Pandemic is definitely changed all that. We are spending 40+ hours on Zoom and Zoom fatigue is an HR priority to address.

Having done interview on Skype in 2010 and having recorded Webex meetings in 2011, I have been very curious why Zoom is the frontrunner in the space. Why not Skype, Webex, Google Meet, or BlueJeans. I am familiar with the feature gaps of many of these products, but Zoom is at $36B market cap at the time of writing this article and that kind of market opportunity should be worth investing in, or so you would think.

Facebook prioritized building video calling on Messenger, Whatsapp and now also Instagram, optimizing for engagement and the internal metric of driving "meaningful conversations". Of these, Messenger's video calling is the most stable and was probably the first phone app to offer screen sharing features. I am my mom's IT helpdesk and the screen share feature on messenger was a lifesaver during pandemic as we're stuck oceans apart.

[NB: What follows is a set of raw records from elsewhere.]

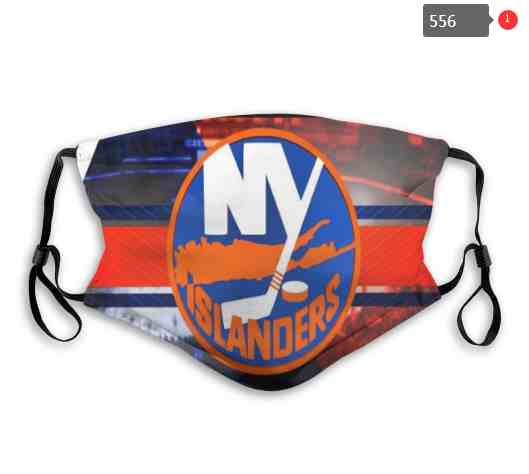 New York Islanders NHL Hockey Teams Waterproof Breathable Adjustable Kid Adults Face Masks  556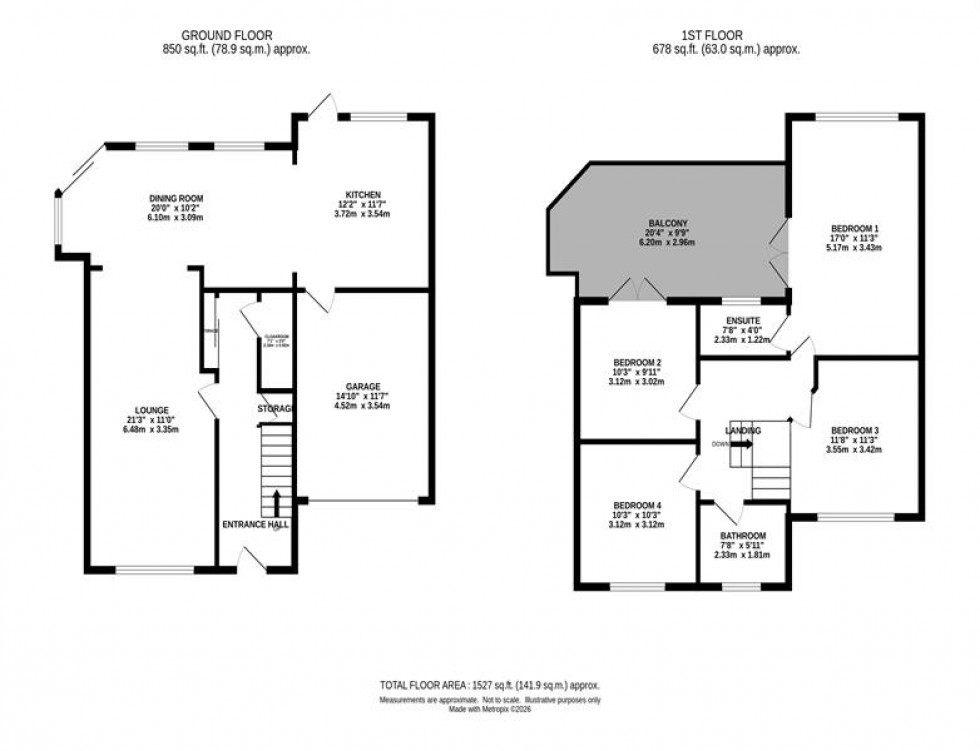 Floorplan for Pine Close, Macclesfield
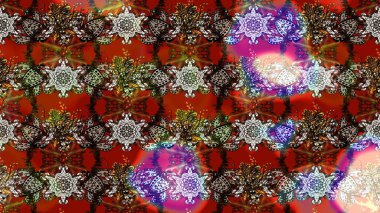 Çiçekleri, deniz kabukları, mandalaları ve suluboya efektleriyle donanma geçmişi. Eskiz modeli etnik tasarım. Yatak çarşafları, ceket, paket tasarımı, kumaş ve moda kavramları için tekstil baskısı.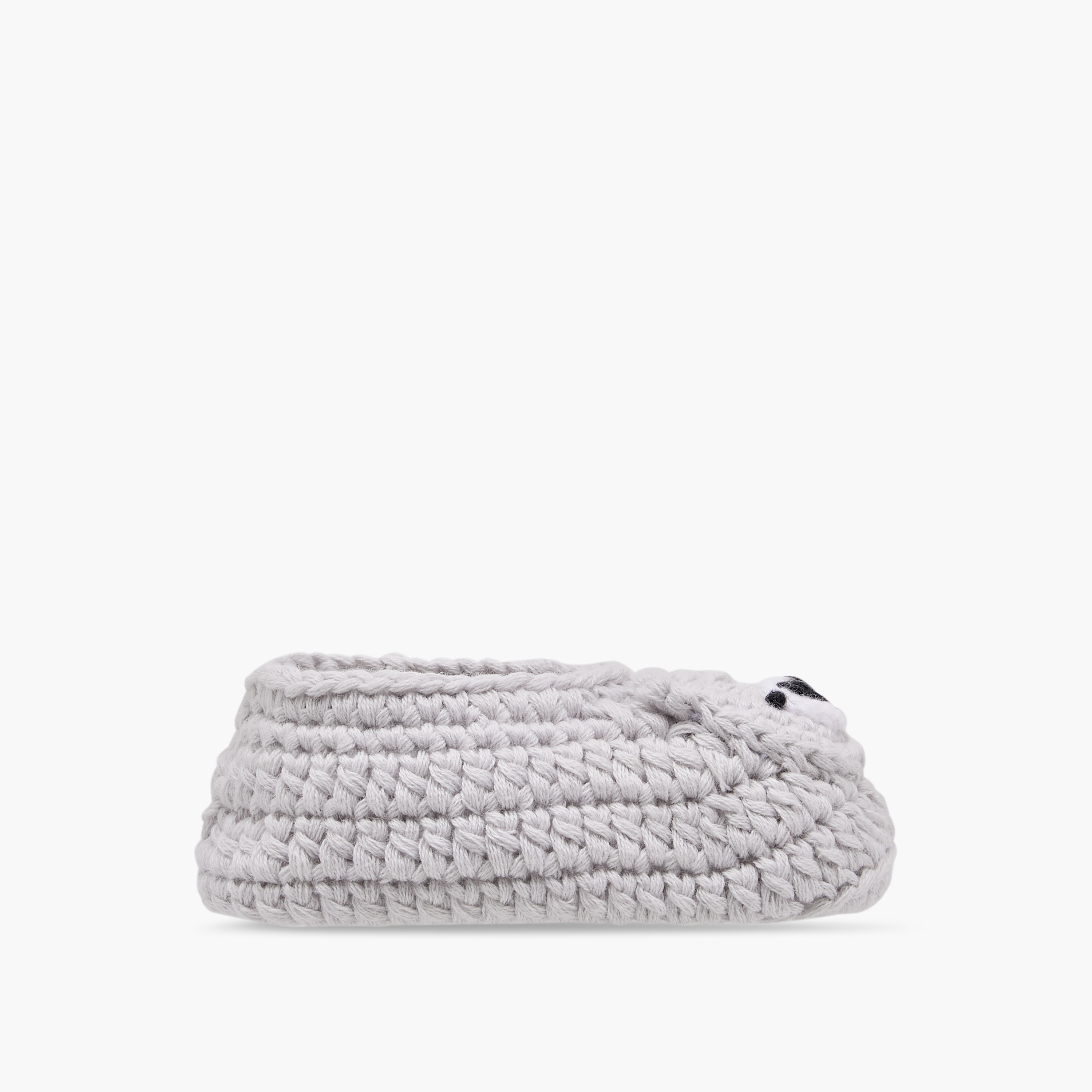 Juniors Crochet Textured Slip-On Booties with Bear Face Detail-baby-girls-shoes-booties-image-3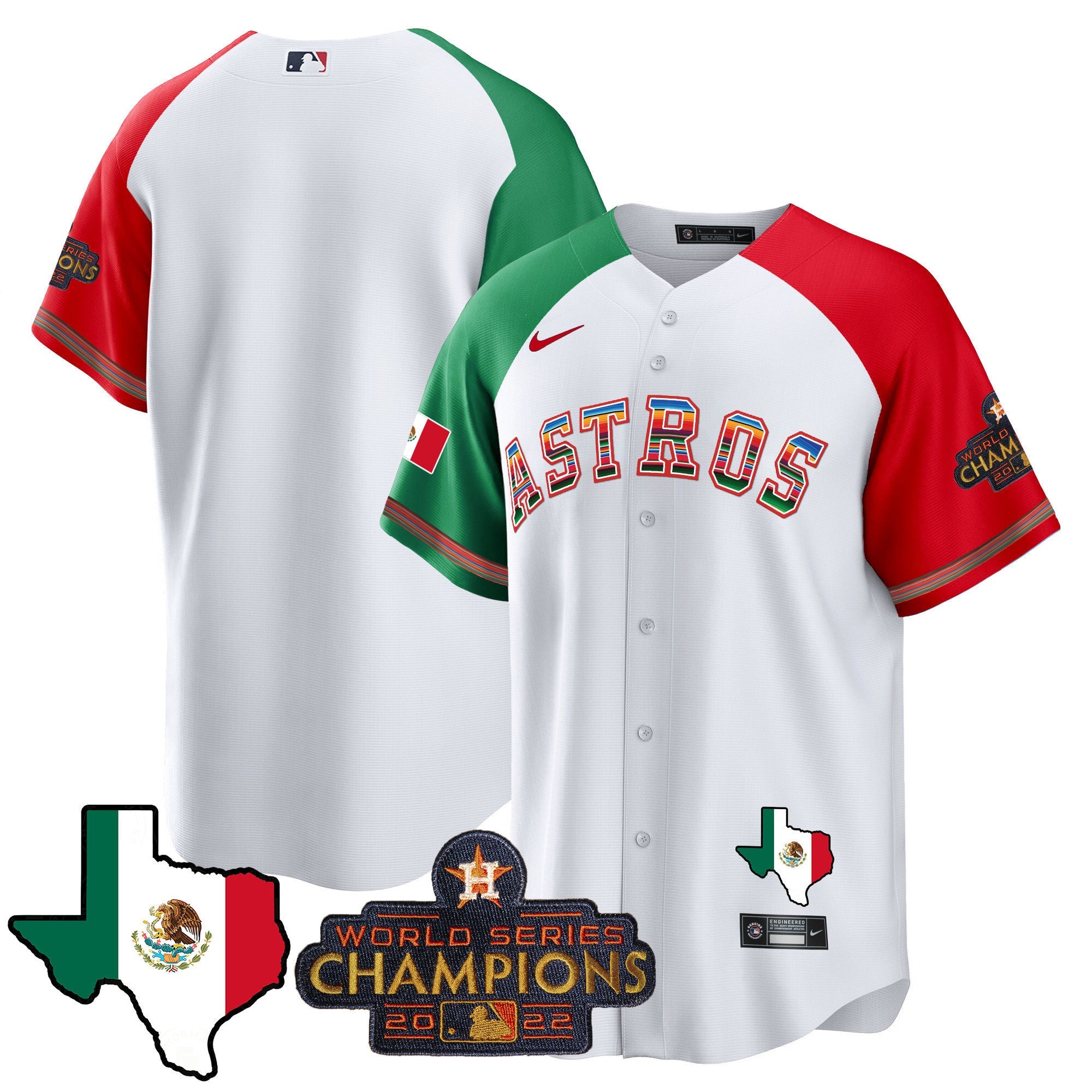 Men's Astros Mexico Texas Map Cool Base Jersey - All Stitched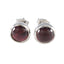 Garnet-American-Aiko-Solitaire-Stud-Red-92.5-Silver-Earring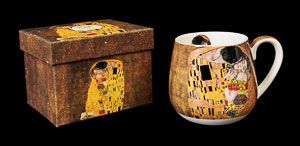 Gustav Klimt Snuggle Mug : The kiss
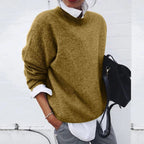 Maglione in Cashmere con Collo Tondo: Eleganza e Comfort per Ogni Occasione
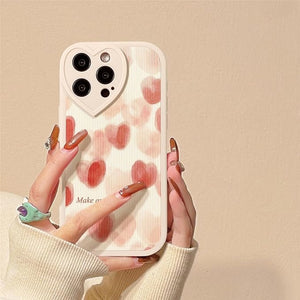 Watercolor Heart Case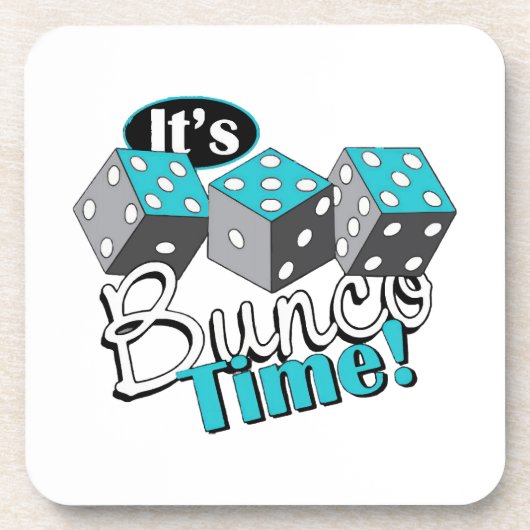 Het is Bunco-tijd! Bier Onderzetter (Voorkant)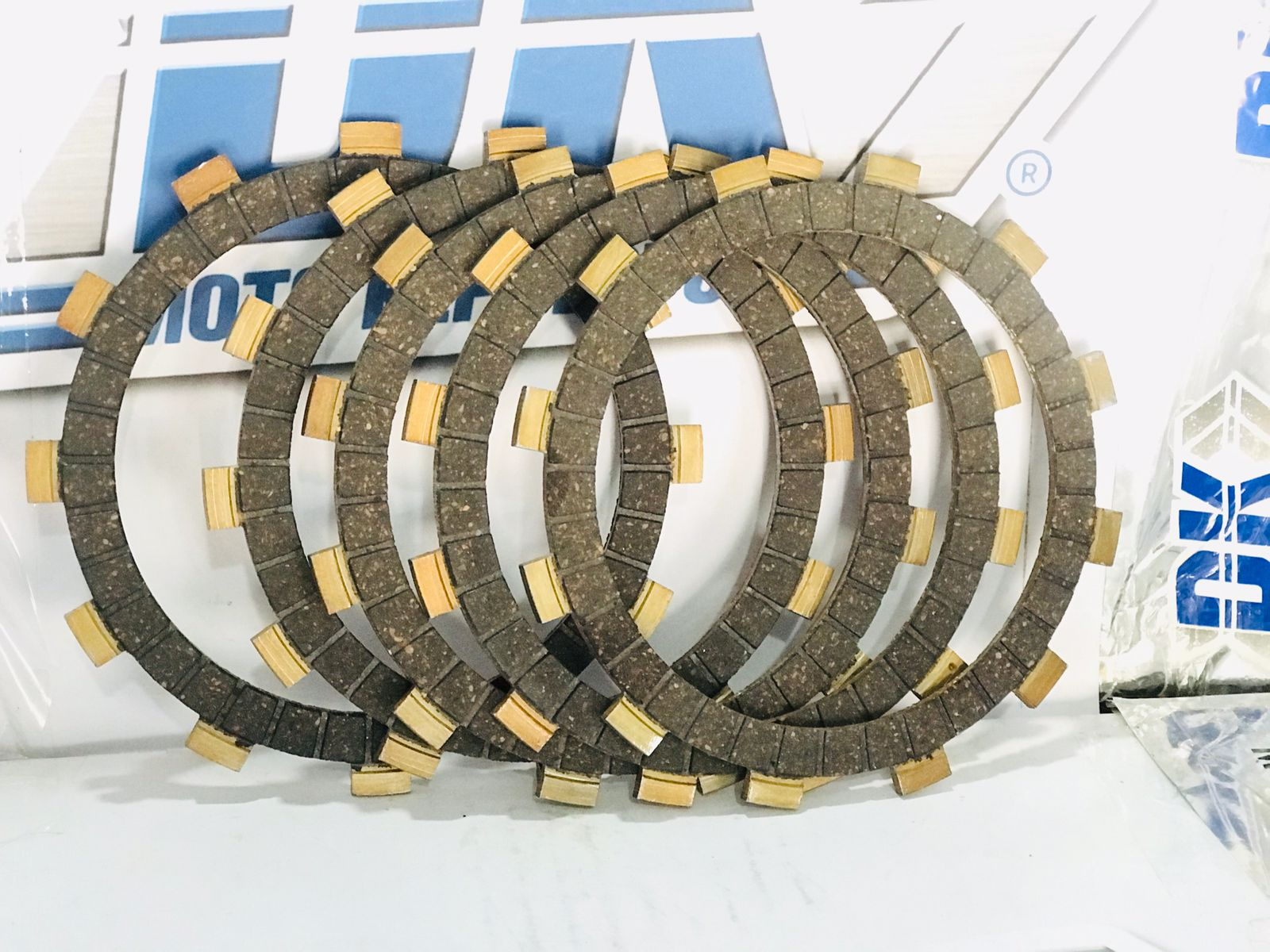 DISCOS DE CLUTCH SUZUKI AX-100 (2-TIEMPOS) (SET 5 PCS)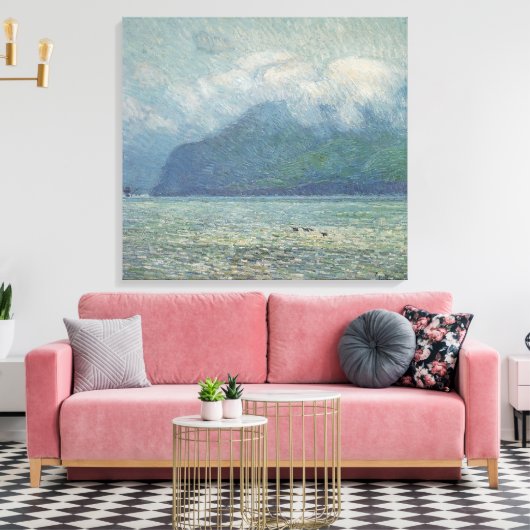 Silver Veil en Golden Gate van Childe Hassam Canvas Afdruk (Insitu (Woonkamer))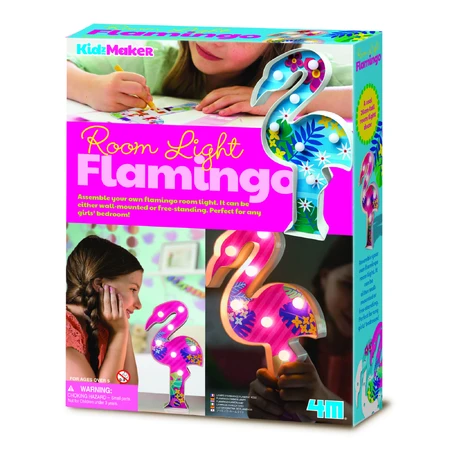Creatieve DIY set - Flamingo kamerlamp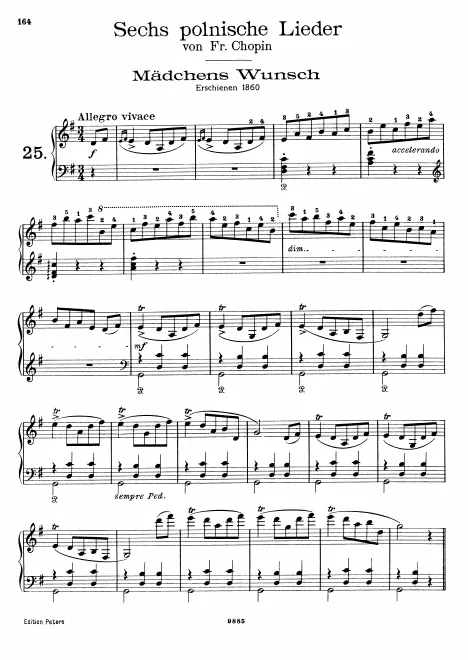 First page of 6 Polish Songs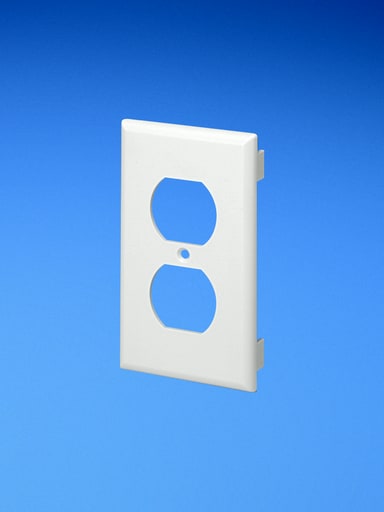 Panduit Corp - Panduit T70PSIW Snap-on single gang 106 duplex communication faceplate. Used to cover one NEMA standard 106 duplex communication module frame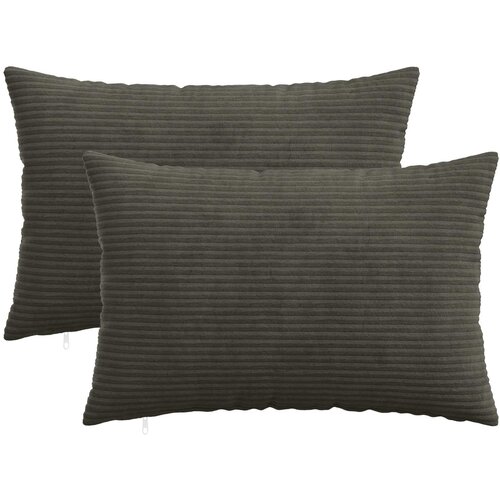  Presvlaka za jastuk 2 pcs HEERLEN Antracit 40 x 60 cm Kord Cene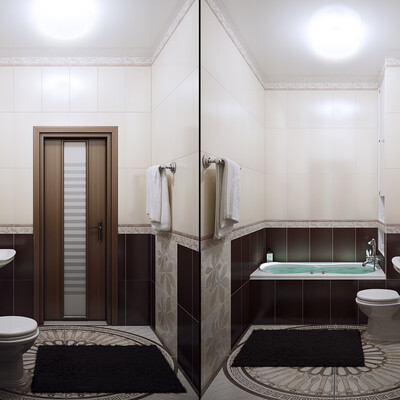 Bathroom in a countryside house 2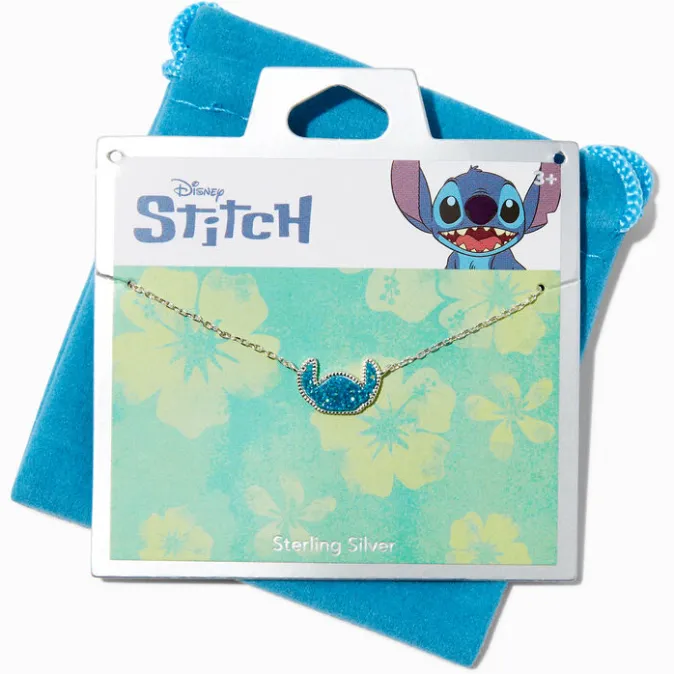 ICING Disney Stitch Sterling Silver Druzy Pendant Necklace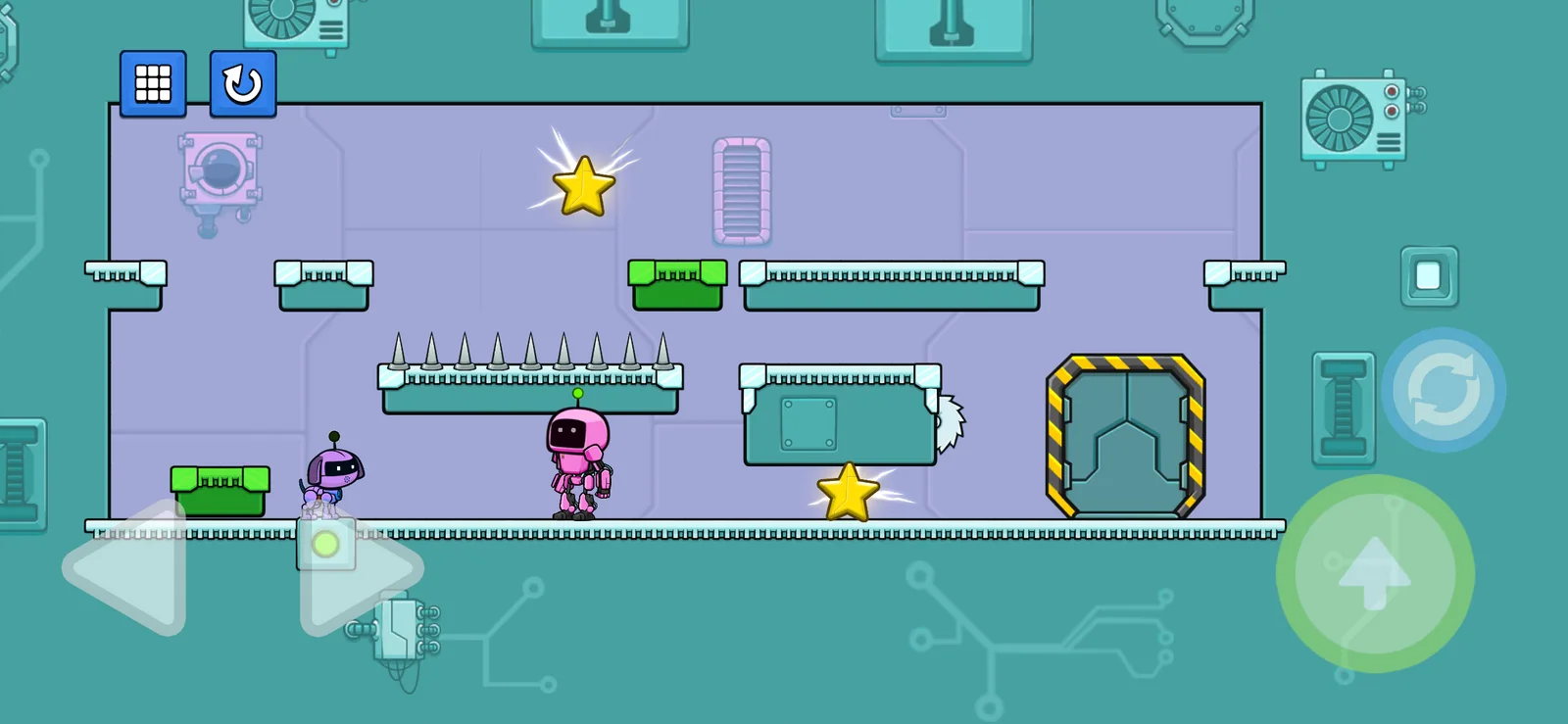 Collect stars and avoid traps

It looks like Microsoft is the only company that had a very cohesive strategy on adding a enterprise ready video conferencing offering. Enterprise customers already using Outlook and launching Microsoft Teams made sure the Microsoft office suite was complete. Although Google also targets enterprise market with their G-Suite products, they didn't seem to have prioritized improving Google Meet to the same degree and what we saw was people adding Zoom chrome extension to add Zoom meetings on their google calendar.

The market cap of Zoom is at $36 Billion as of writing this. Microsoft and Google with 2.1 Trillion and 1.6 Trillion respectively, seem to have prioritized their video conferencing offering even thought its only a 1-2% worth of an opportunity to them at their size. This offering only enhances their current offering and probably doesn't bring significant additional revenue.

Considering that, Cisco, having had Webex years ahead of any players in the market, didn't capitalize on the pandemic opportunity at all. If they had, $36 Billion is 15% of their market cap and I can't help but imagine that would have been a worthwhile growth story.